From our point of view, special attention should be paid to the ability to use digital

technologies to support active citizenship and social integration, cooperation with

others and creativity to achieve personal, social or commercial goals (Balyk &

Shmyger 2018).

We note that teachers are active citizens of digital society, so their digital

competences should be flexible enough to be relevant both now and in the near

future. Considering this, there is a problem of restarting all pedagogical education

and analyzing theoretical and practical approaches to the development of digital

competences of future educators.

A comprehensive solution of this problem is possible providing the development of

teachers’ digital competences based on the DigCompEdu framework and its

projection on the national education system. We also need to change university

curricula, programs and teaching methods in accordance with the current state and

trends of digital technologies development, and increase the level of digital

competences of university professors.

The purpose of the article is to analyze the domestic and foreign experience of

determining theoretical and practical aspects of the development of digital

competences of future teachers. We aimed to study the level of students' digital

competences formation in the context of the European Digital Competence

Framework for Educators (DigCompEdu), and describe the developed

methodology for developing their digital competences at the Volodymyr Hnatiuk

Ternopil National Pedagogical University.

Development of Digital Competences of Future Teachers 489

1. THEORETICAL BASIS OF THE STUDY

Scientists from many countries have been developing an approach to competency-

based training as a modern teaching standard for teachers training. The categorical

and conceptual apparatus of the competency-based approach is considered in

different scientific studies (Bykov & Ovcharuk 2017), (Morse, Barna,

Kuzminskaya & Vember 2017), (Ovcharuk 2005), (Wolfe & Steinberg

2014), (Johnstone & Soares 2014). For example, the authors (Smirnova-

Trybulska, Stec, Studenska, Nosko va, Pavlova, Yakovleva &

Delgando 2017) define competence as an individual potential to adapt to

environmental conditions, to implement creative changes and to act effectively.

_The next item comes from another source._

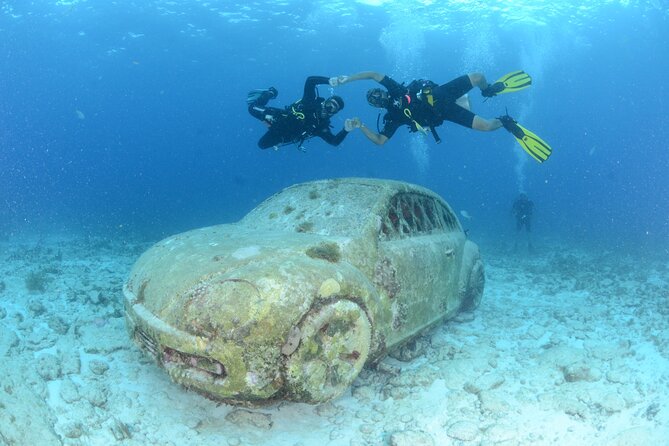 Scuba Diving Under Water Museum and Reef for beginners - Pool practice is the most important part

J. Gervais constructed an operational definition of competency-based education. In

particular, CBE is defined as an outcome-based approach to education that

incorporates modes of instructional delivery and assessment efforts designed to

assess the mastery of learning by students through their demonstration of the

knowledge, attitudes, values, skills and behaviors required for the degree sought

(Gervais 2016).

Scientists consider the problem of identifying key competences in the field of

digital education and teacher training (Crick 2008), (Smyrnova-Trybulska

2007). The aim of the study (Svensson & Baelo 2014) was to determine

teachers’ understanding of digital competences for developing their future

profession. The review (Pettersson 2018) focuses mainly on how digital

competences in educational contexts have been regarded in international research

over the past 10 years in terms of politics, organizational infrastructure and

strategic leadership.

R. Hall, L. Atkins, and J. Fraser have reviewed a variety of frameworks (Hall ,

Atkins & Fraser 2014). These frameworks are structured around three or four

levels, which tend to reveal a deficit model at the lower levels and determine

critical digital engagement on the progress of the very basic requirements to the

demonstration of expert, transformational skills, practices and knowledge. For

example, the levels defined in the DigEuLit project (Martin & Grudziecki

2007) move from 'digital competence', generic skills and approaches to 'digital

usage', the professional application of these skills and finally to 'digital

transformation', where innovation and creativity occurs.

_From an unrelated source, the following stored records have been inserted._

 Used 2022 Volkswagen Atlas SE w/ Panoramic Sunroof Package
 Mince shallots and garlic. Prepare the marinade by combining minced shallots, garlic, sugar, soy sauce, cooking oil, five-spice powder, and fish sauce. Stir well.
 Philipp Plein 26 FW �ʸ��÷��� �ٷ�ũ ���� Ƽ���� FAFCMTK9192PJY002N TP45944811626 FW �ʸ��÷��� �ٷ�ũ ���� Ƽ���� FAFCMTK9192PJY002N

The model for integrating digital competences into the professional development of

teachers is analyzed in the study (Pozos 2010, UNESCO 2008). The model

contains a framework of 7 digital competences, 78 units of digital competences

distributed over three levels of competences development: Basic Knowledge,

Knowledge Deepening and Knowledge Generation.

The work (Balyk & Shmyger 2017) reveals the process of forming teachers’

digital competences at the smart university as well as defines organizational and

pedagogical conditions, principles and pedagogical methods of their development

Nadiia Balyk, Galyna Shmyger 490

and presents a three-dimensional model for the formation of digital competences in

the context of creating new knowledge.

2. ТНЕ PRESENTATION OF MAIN RESULTS

2.1. Digital competences. Teacher Training

Modern society should promote the development of digital competences necessary

for lifelong learning. Teachers play an important role in the process of mastering

these competences by the younger generation. Therefore, appropriate conditions

must be provided to properly motivate and train future teachers. Without

professional growth and continuous training, teachers will not be able to integrate

correctly the topic of digital competence into the context of their disciplines.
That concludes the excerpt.